§ **REQUIRED WORK**
Print the lines exactly. Start at the first line of the material below, end with the line that contains "A Skyy online", and skip all pictures.

-- SUPPLIED RECORDS follows --

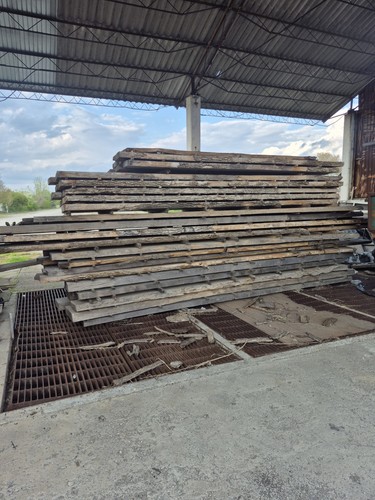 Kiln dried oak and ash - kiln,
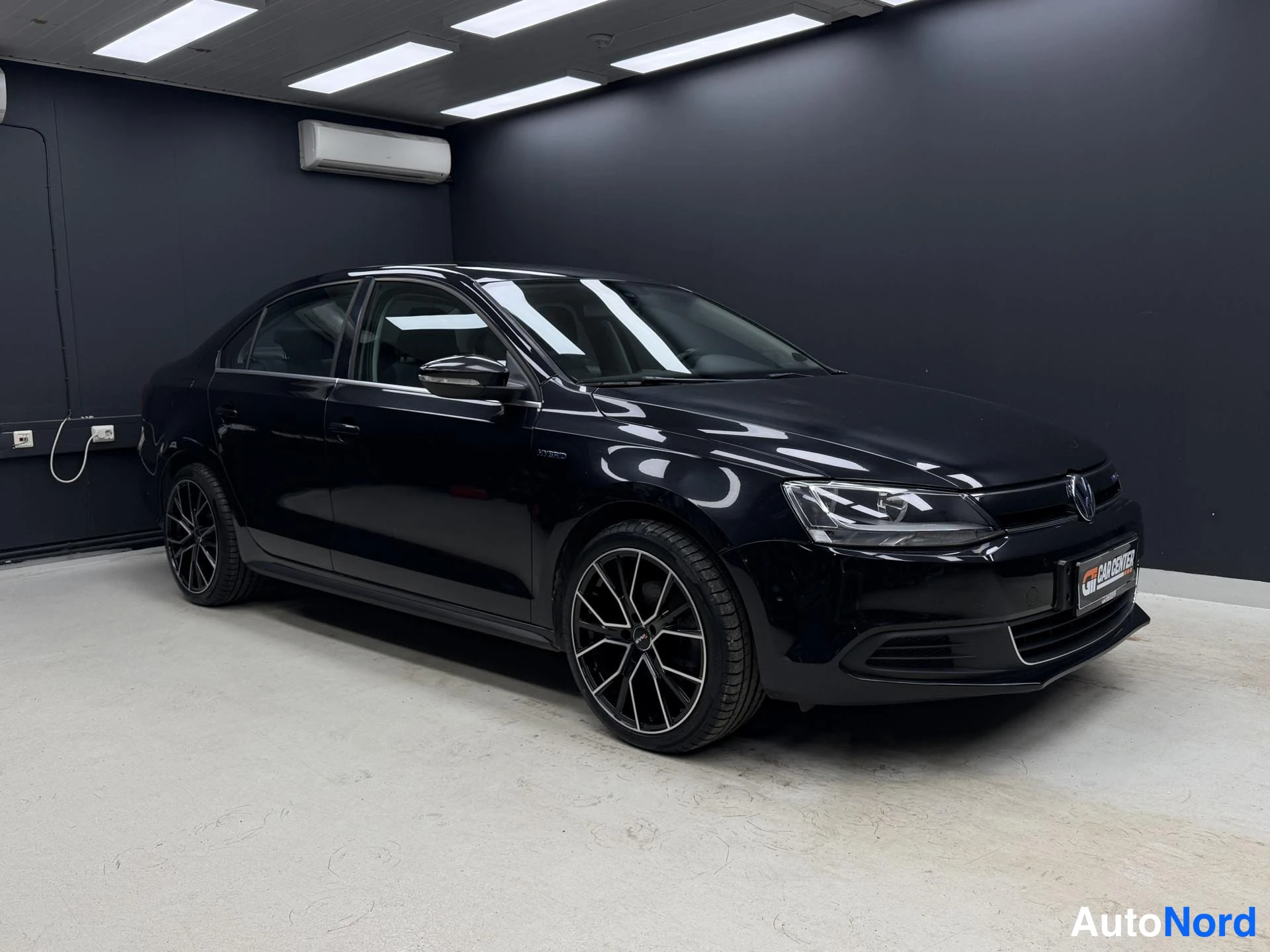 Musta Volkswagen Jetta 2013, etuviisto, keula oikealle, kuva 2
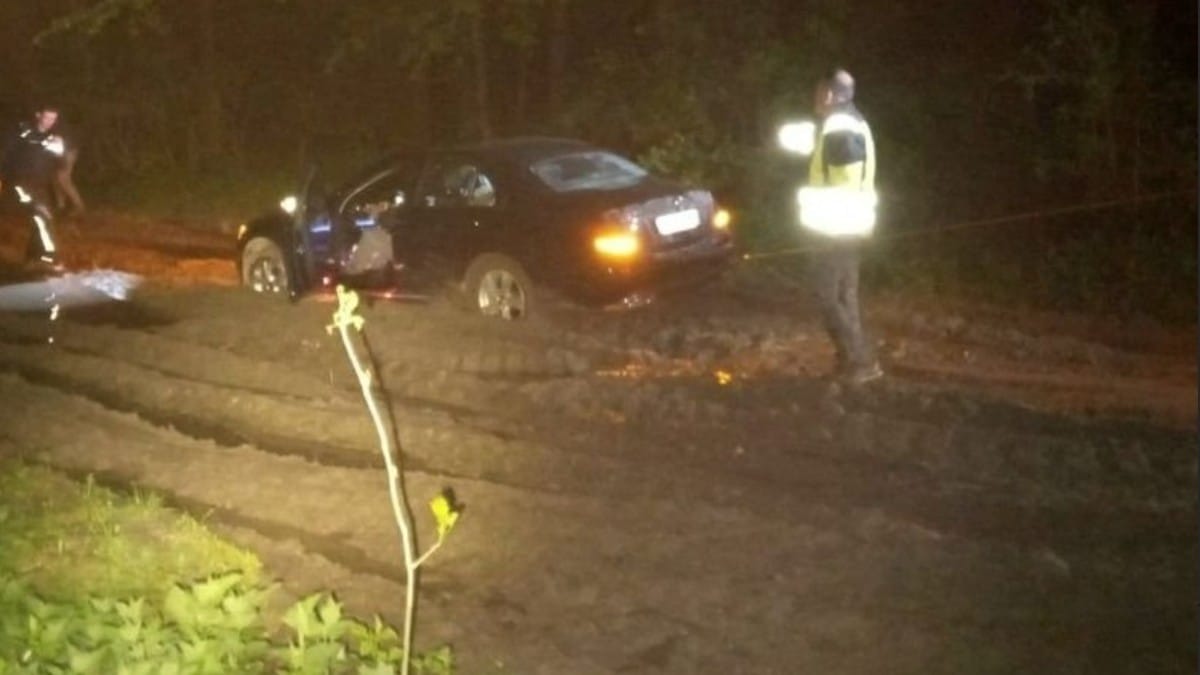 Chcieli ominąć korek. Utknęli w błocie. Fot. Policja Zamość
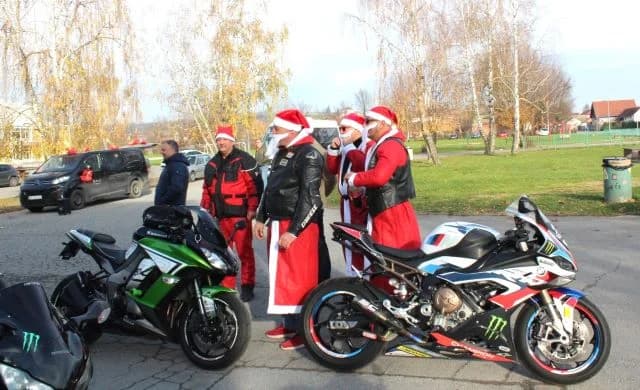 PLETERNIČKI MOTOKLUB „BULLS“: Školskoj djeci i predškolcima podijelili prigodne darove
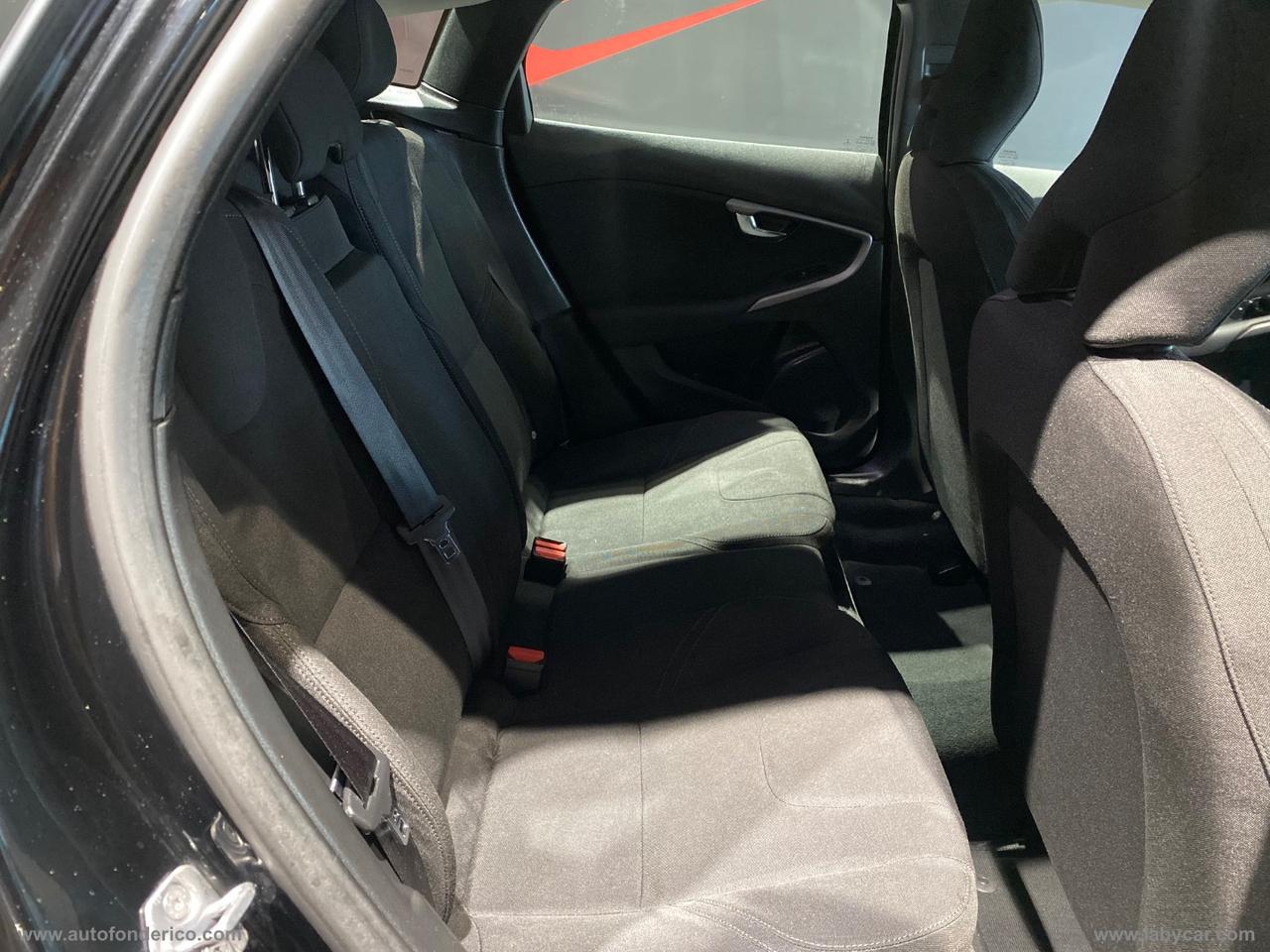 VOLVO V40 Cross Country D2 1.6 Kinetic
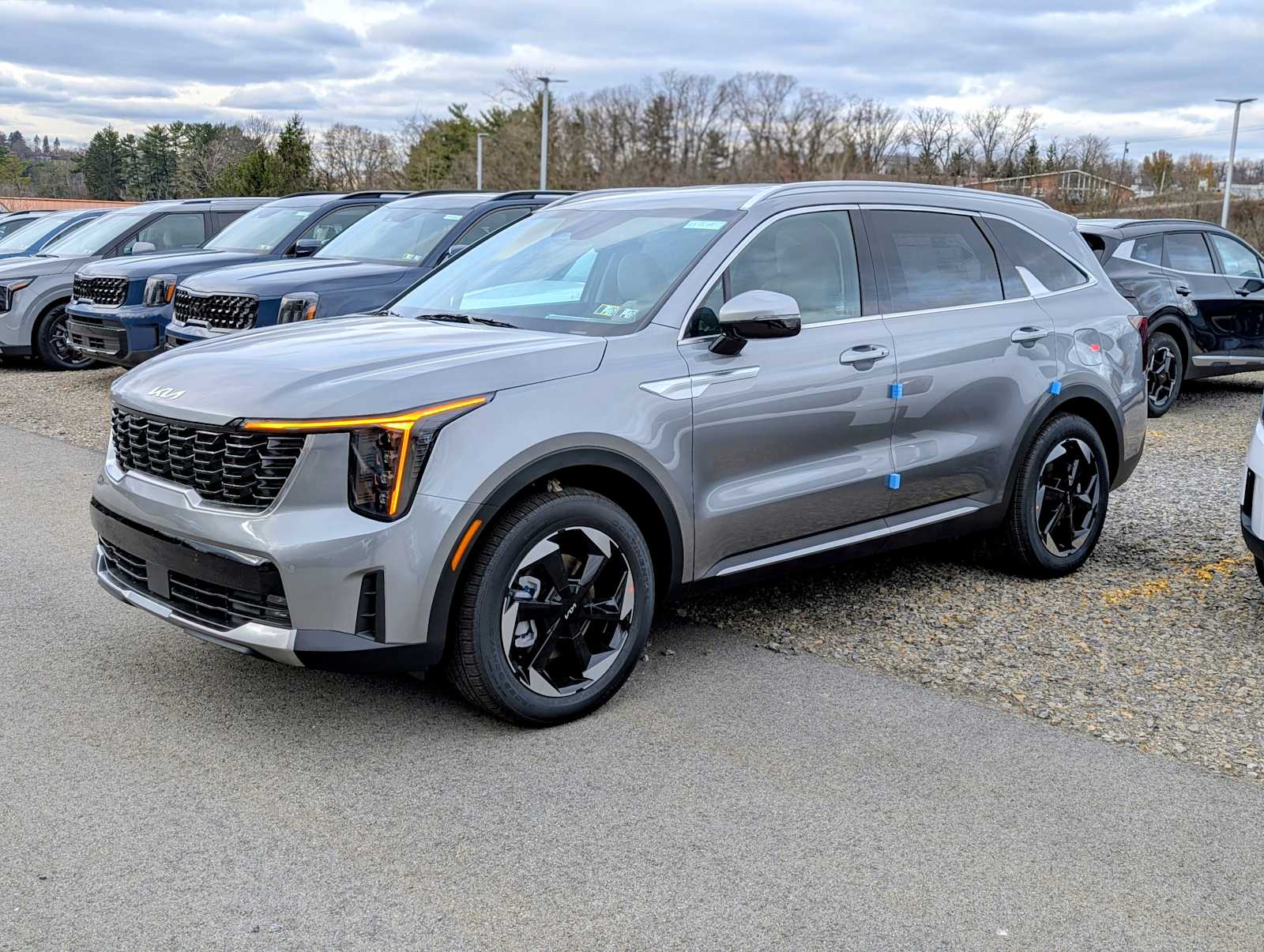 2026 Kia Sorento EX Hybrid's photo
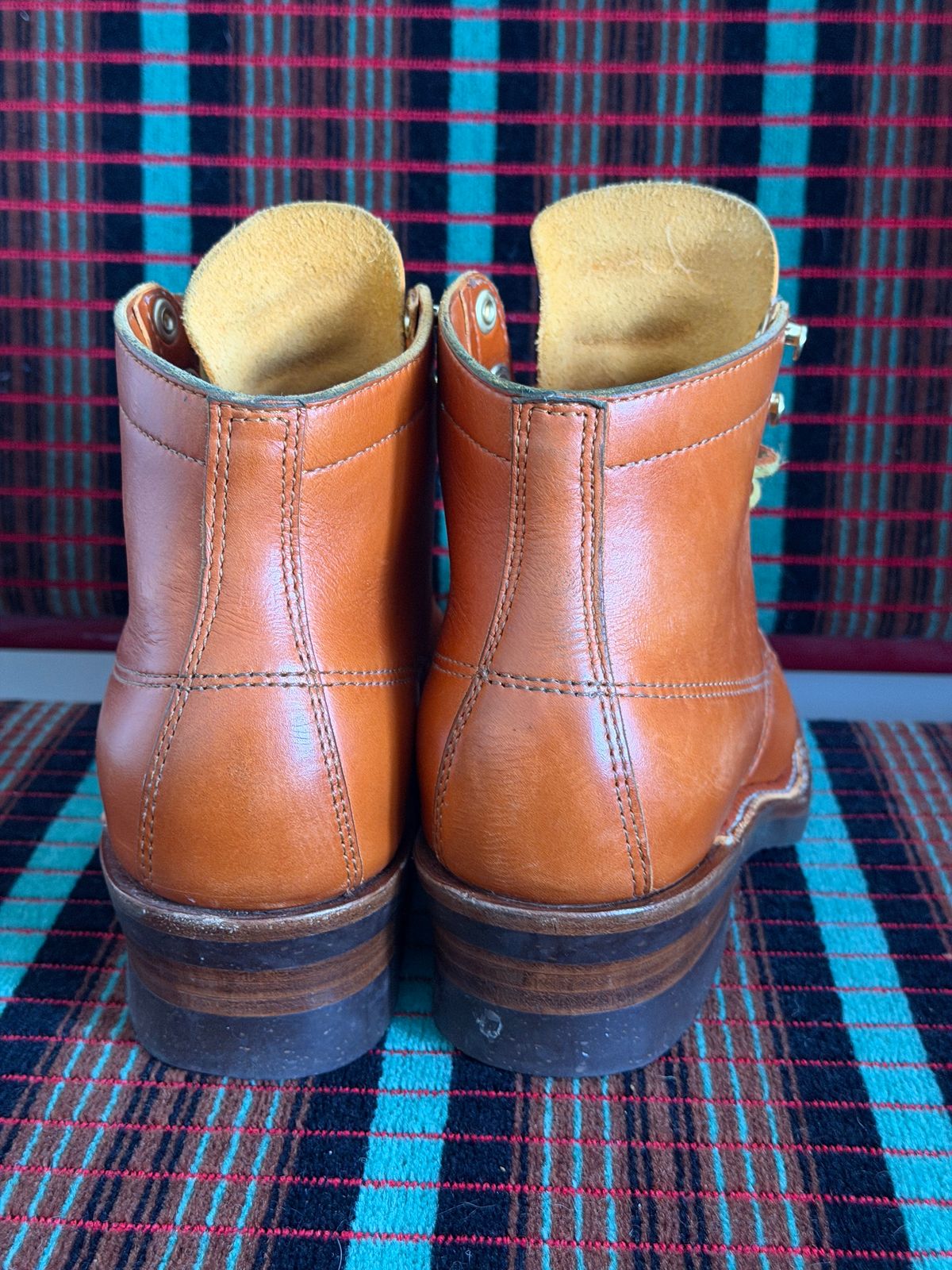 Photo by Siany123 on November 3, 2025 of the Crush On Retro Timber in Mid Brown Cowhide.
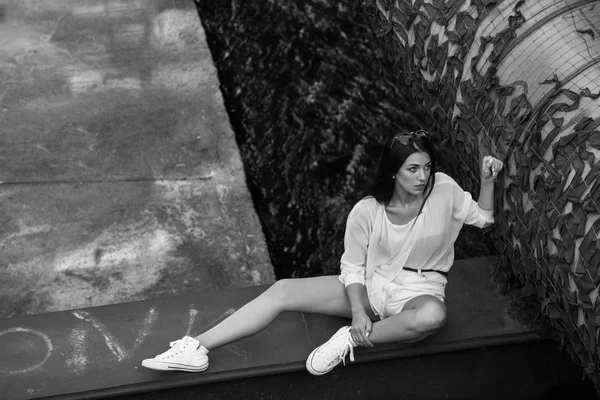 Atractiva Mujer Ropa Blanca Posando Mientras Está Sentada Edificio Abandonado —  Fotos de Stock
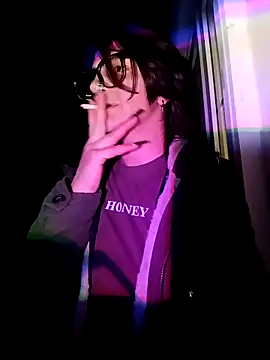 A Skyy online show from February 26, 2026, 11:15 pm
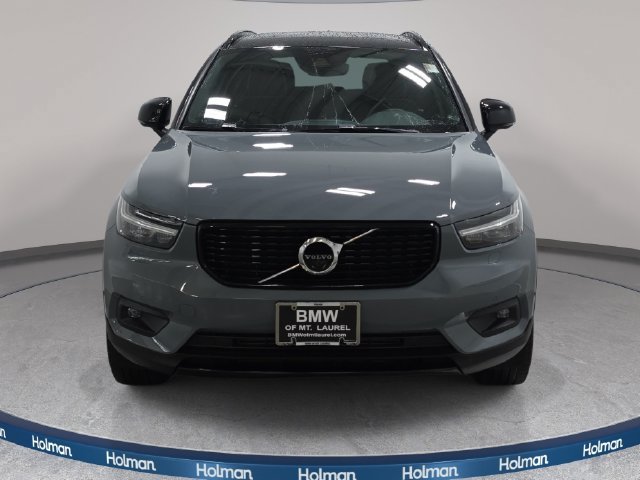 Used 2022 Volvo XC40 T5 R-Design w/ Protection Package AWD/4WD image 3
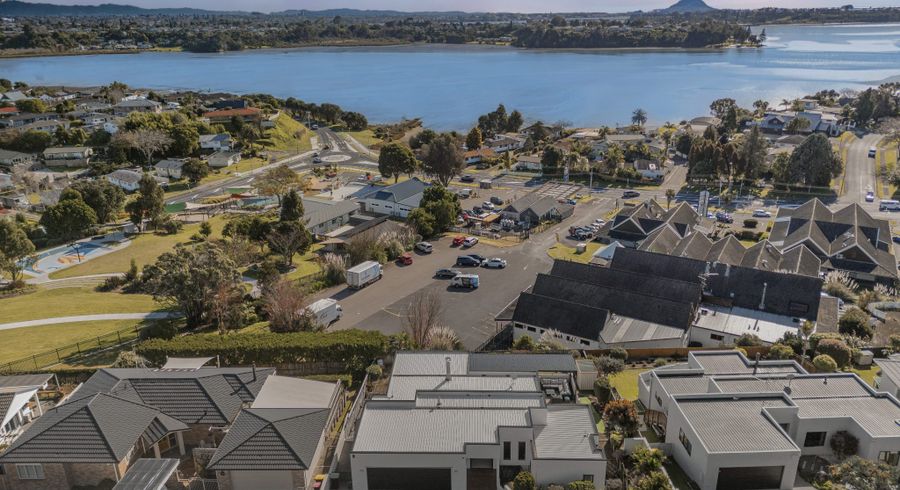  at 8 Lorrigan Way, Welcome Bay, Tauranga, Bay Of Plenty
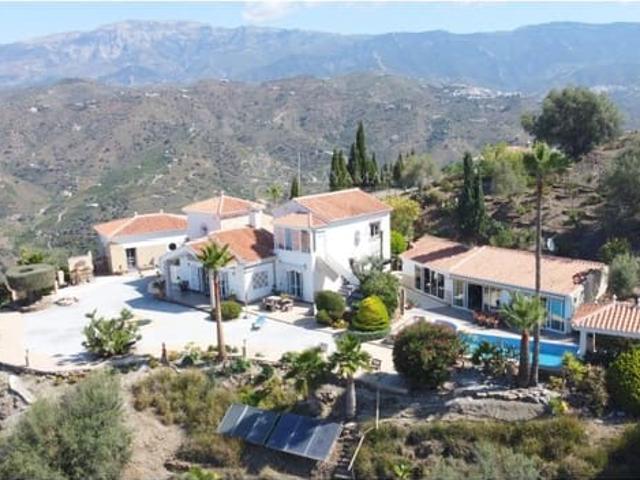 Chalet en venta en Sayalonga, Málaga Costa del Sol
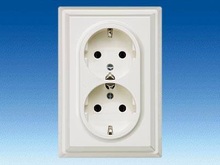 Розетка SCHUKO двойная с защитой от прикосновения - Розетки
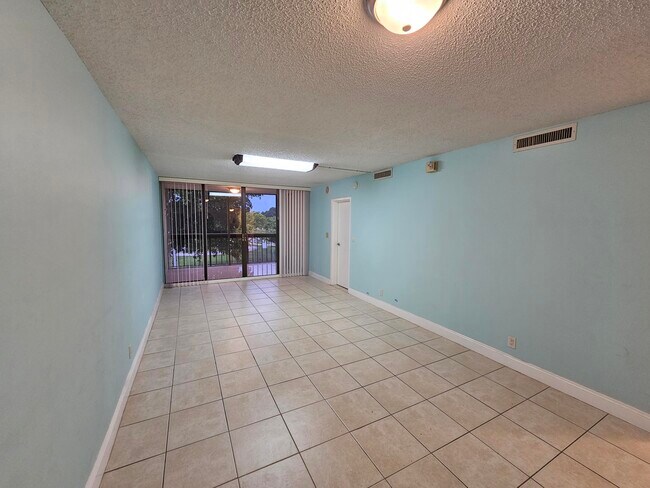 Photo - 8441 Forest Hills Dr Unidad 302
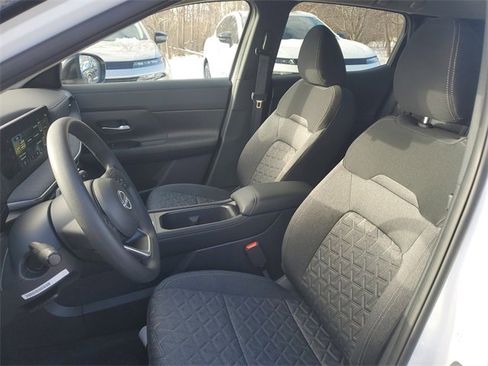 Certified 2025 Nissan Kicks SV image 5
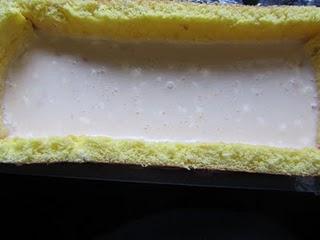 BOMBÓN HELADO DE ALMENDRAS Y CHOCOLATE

-- SUPPLIED RECORDS concluded --

§ **RESPONSE BELOW**
 Kiln dried oak and ash - kiln,
 Musta Volkswagen Jetta 2013, etuviisto, keula oikealle, kuva 2
 Chcieli ominąć korek. Utknęli w błocie. Fot. Policja Zamość
 PLETERNIČKI MOTOKLUB „BULLS“: Školskoj djeci i predškolcima podijelili prigodne darove
 VOLVO V40 Cross Country D2 1.6 Kinetic
 2026 Kia Sorento EX Hybrid's photo
 Photo by Siany123 on November 3, 2025 of the Crush On Retro Timber in Mid Brown Cowhide.
 Atractiva Mujer Ropa Blanca Posando Mientras Está Sentada Edificio Abandonado —  Fotos de Stock
 A Skyy online show from February 26, 2026, 11:15 pm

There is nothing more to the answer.